Content starts
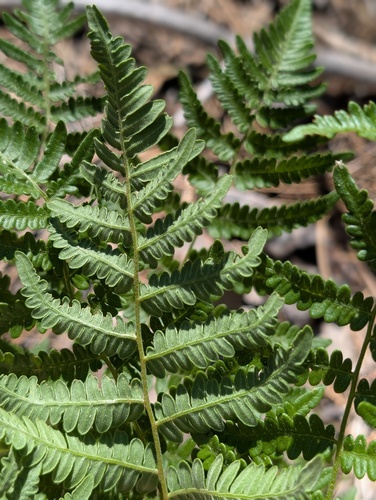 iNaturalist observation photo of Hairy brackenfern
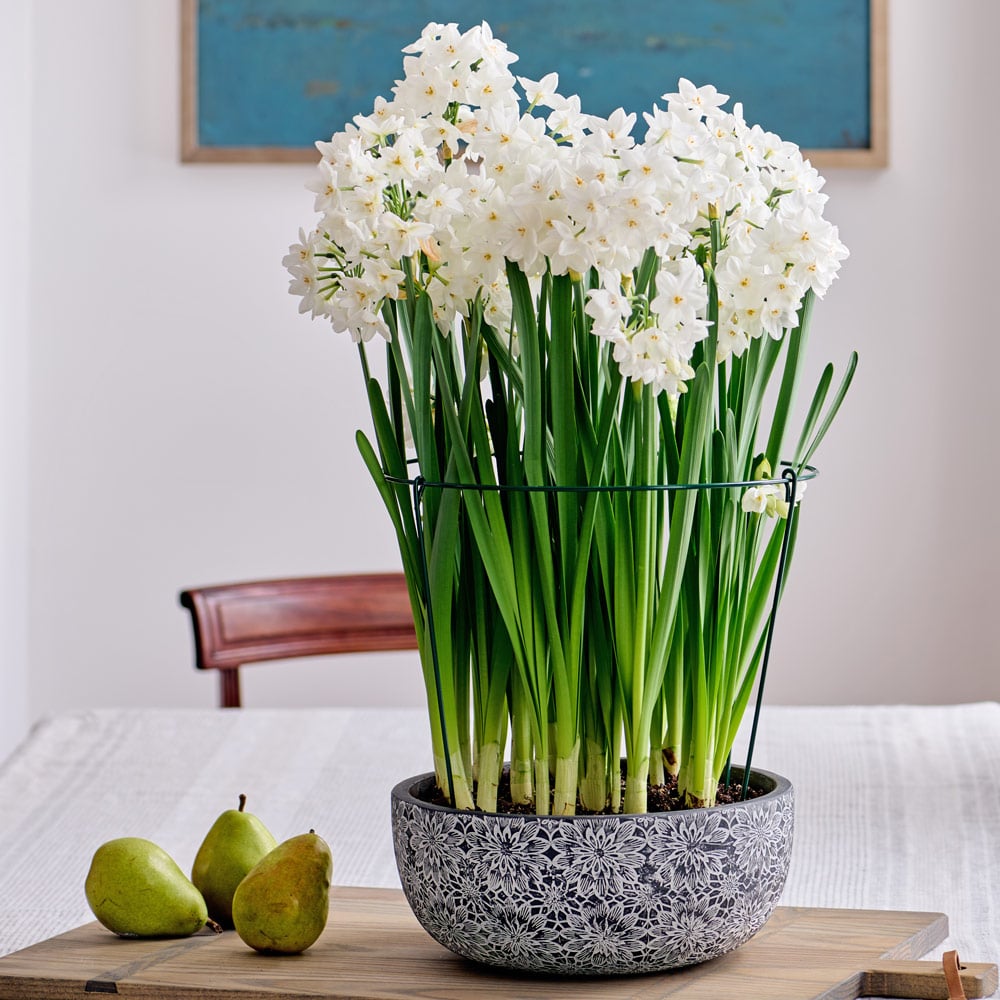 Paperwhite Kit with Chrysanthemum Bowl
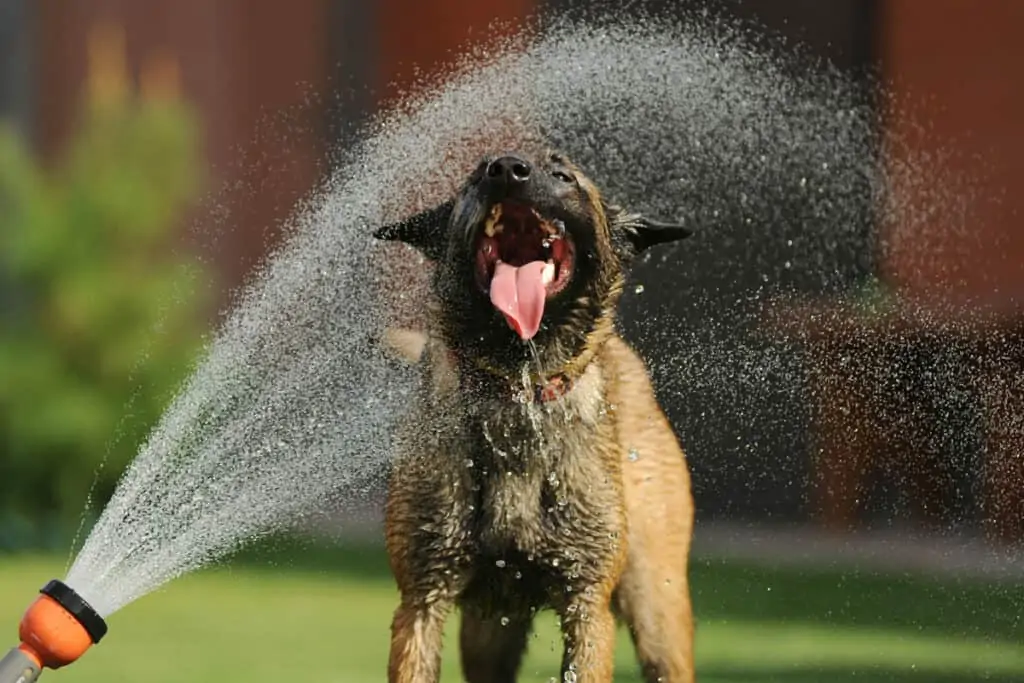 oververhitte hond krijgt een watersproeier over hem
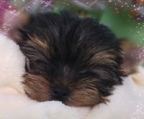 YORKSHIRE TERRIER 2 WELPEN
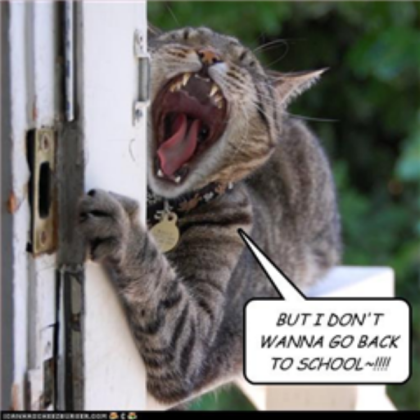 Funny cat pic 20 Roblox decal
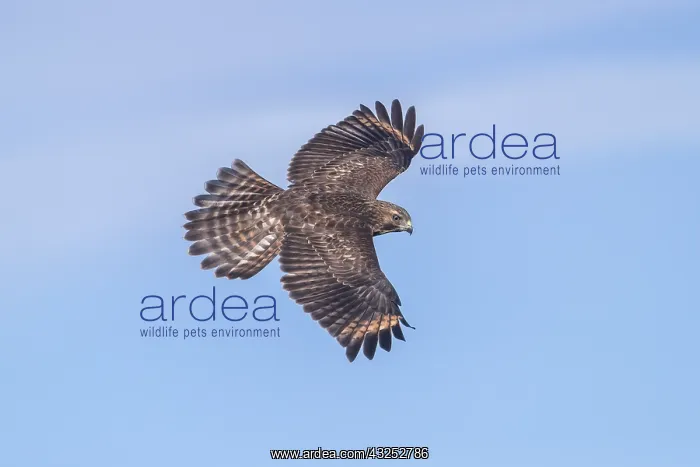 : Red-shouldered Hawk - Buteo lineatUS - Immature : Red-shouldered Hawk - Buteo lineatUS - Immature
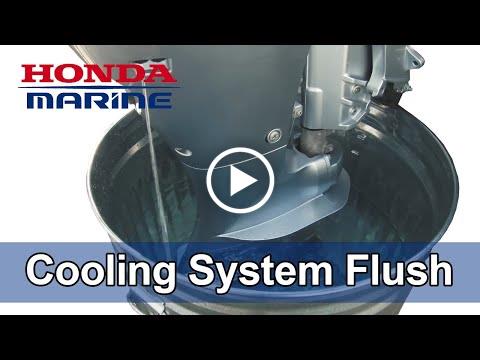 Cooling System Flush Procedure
Content ends
Content starts
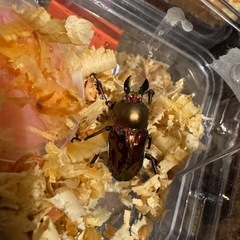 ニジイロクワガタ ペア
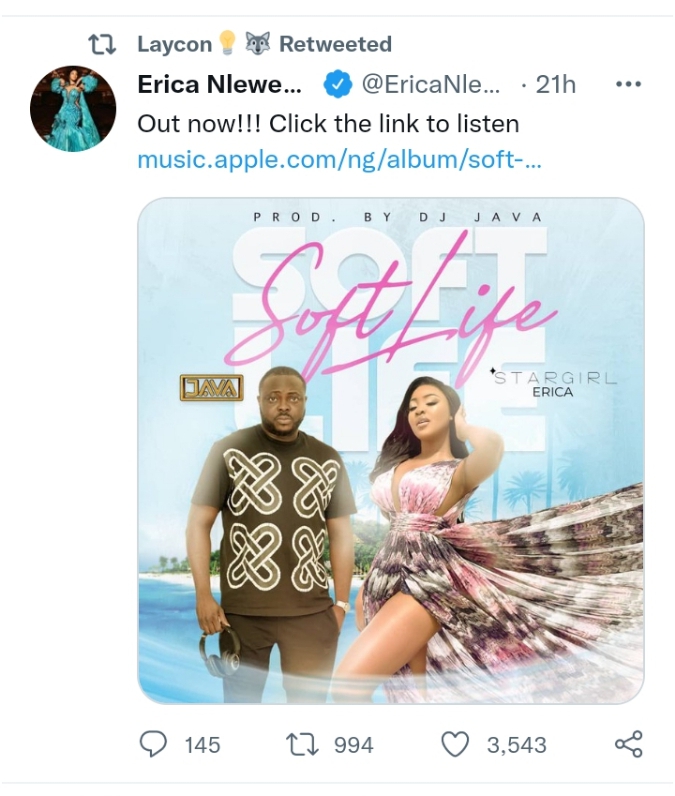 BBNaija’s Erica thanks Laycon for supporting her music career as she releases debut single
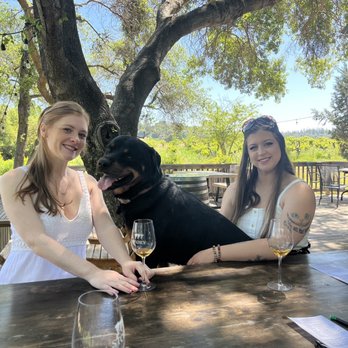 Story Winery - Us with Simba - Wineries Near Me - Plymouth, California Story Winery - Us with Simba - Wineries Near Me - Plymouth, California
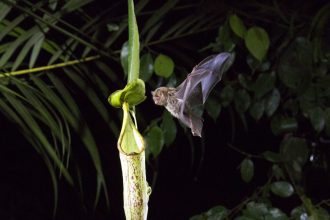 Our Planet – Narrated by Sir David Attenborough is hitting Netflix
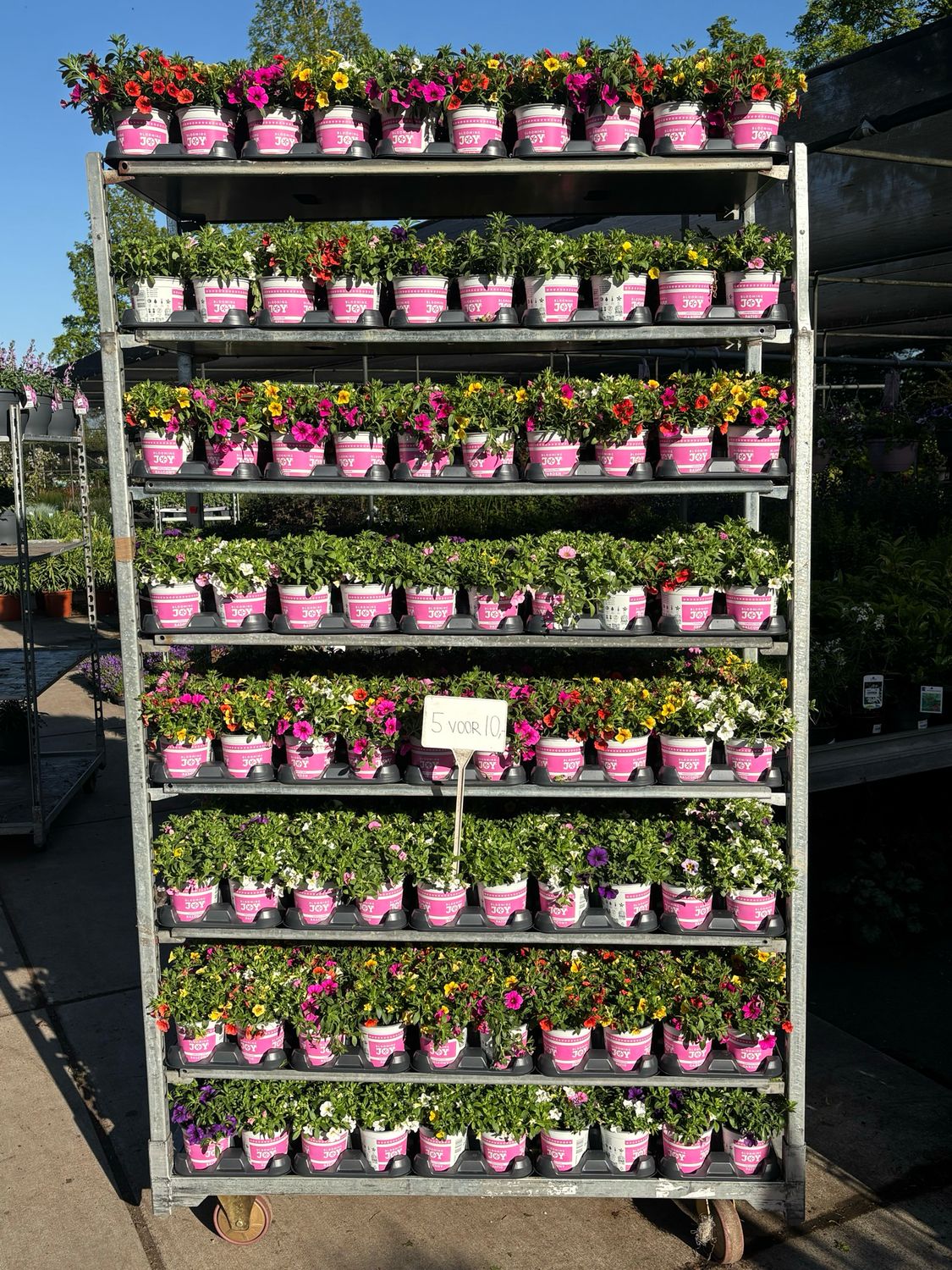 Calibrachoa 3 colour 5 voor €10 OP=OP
Content ends
Content starts
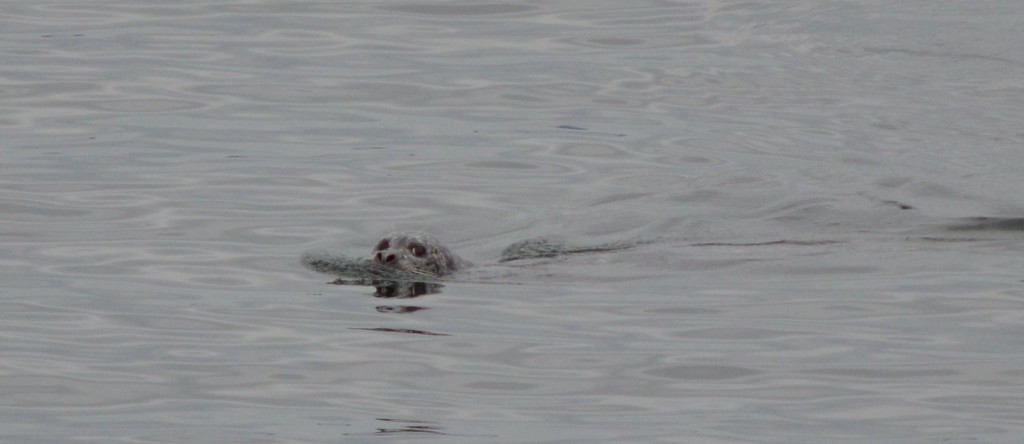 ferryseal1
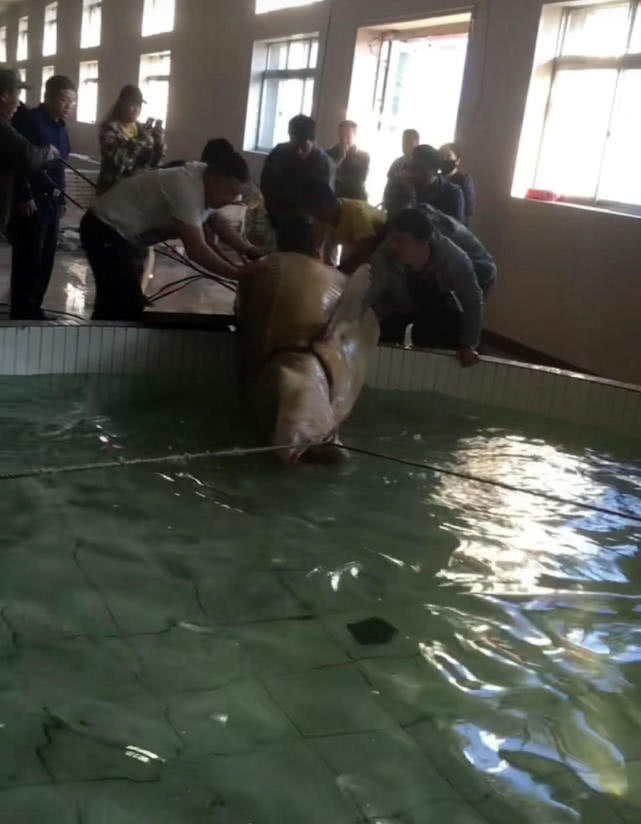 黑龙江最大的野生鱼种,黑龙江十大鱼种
Content ends
*WHAT TO DO:* Could you transcribe exactly the entries above, but only the lines from the one with "Plymouth, California Story" through the one with "Calibrachoa 3 colour 5 voor €10 OP=OP", and without pictures?

*RESULT:*
 Story Winery - Us with Simba - Wineries Near Me - Plymouth, California Story Winery - Us with Simba - Wineries Near Me - Plymouth, California
 Our Planet – Narrated by Sir David Attenborough is hitting Netflix
 Calibrachoa 3 colour 5 voor €10 OP=OP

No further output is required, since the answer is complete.